--- Data shown Enclosed Below ---

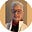 Lynn's avatar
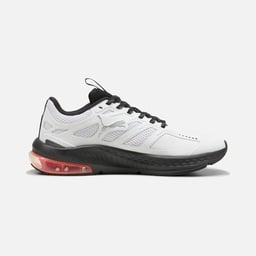 Puma X-Cell Lightspeed SoftFoam+ Running Erkek Spor Ayakkabı
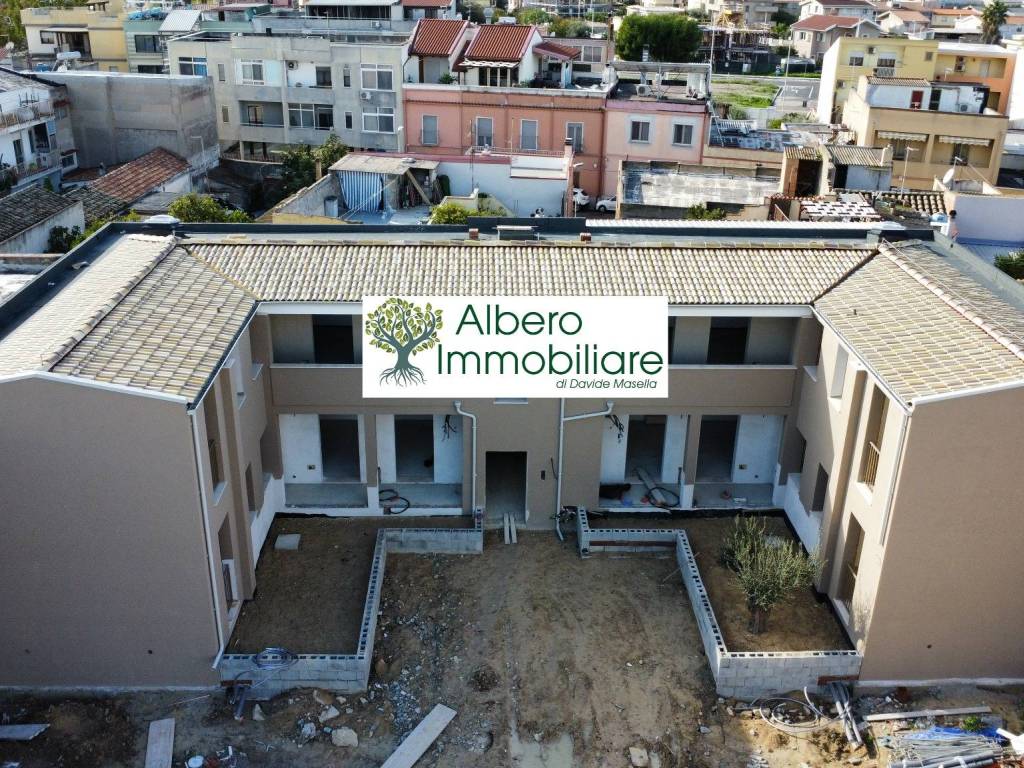 Appartamento a Monserrato - Foto 2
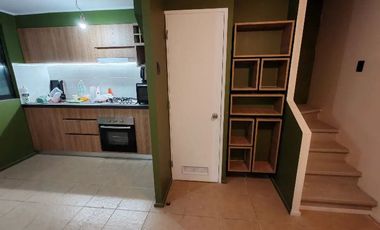 LINDA CASA DISPONIBLE VALLE GRANDE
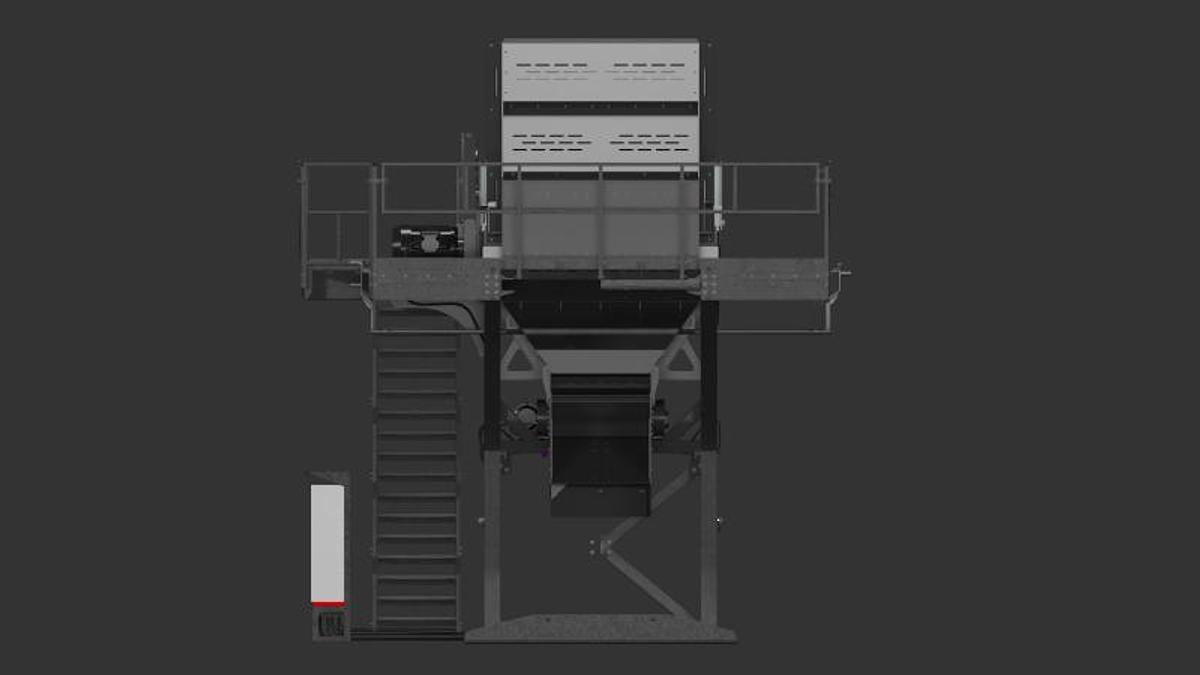 mhs620x_modular-screen-without-feedbox-front-profile-.png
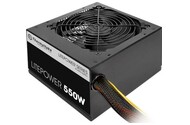 Thermaltake Litepower II 550W ATX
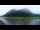 Webcam in Gstaad, 4.8 mi away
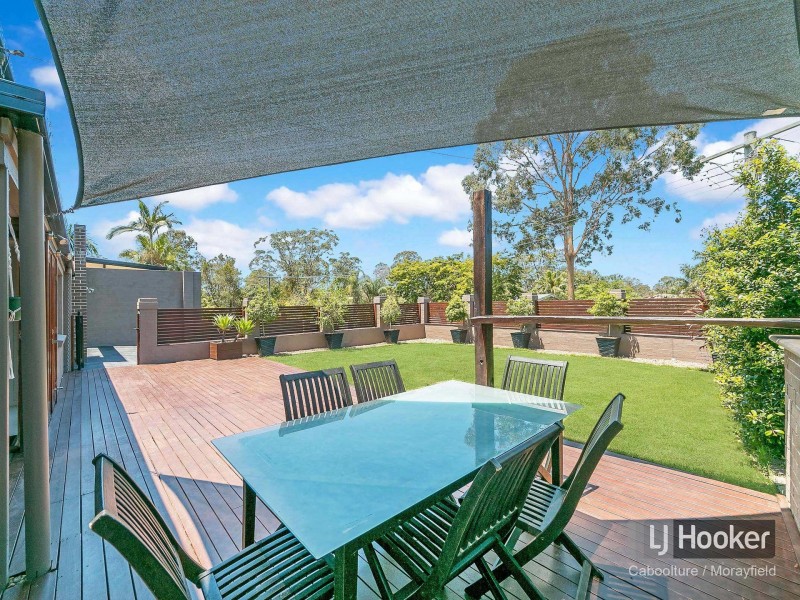 12 Alawara Street, Petrie QLD 4502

--- End of Enclosed Data shown ---

**What is needed**: Each record above must be retyped exactly, minus its pictures.

**Solution to this task**:
 Lynn's avatar
 Puma X-Cell Lightspeed SoftFoam+ Running Erkek Spor Ayakkabı
 Appartamento a Monserrato - Foto 2
 LINDA CASA DISPONIBLE VALLE GRANDE
 mhs620x_modular-screen-without-feedbox-front-profile-.png
 Thermaltake Litepower II 550W ATX
 Webcam in Gstaad, 4.8 mi away
 12 Alawara Street, Petrie QLD 4502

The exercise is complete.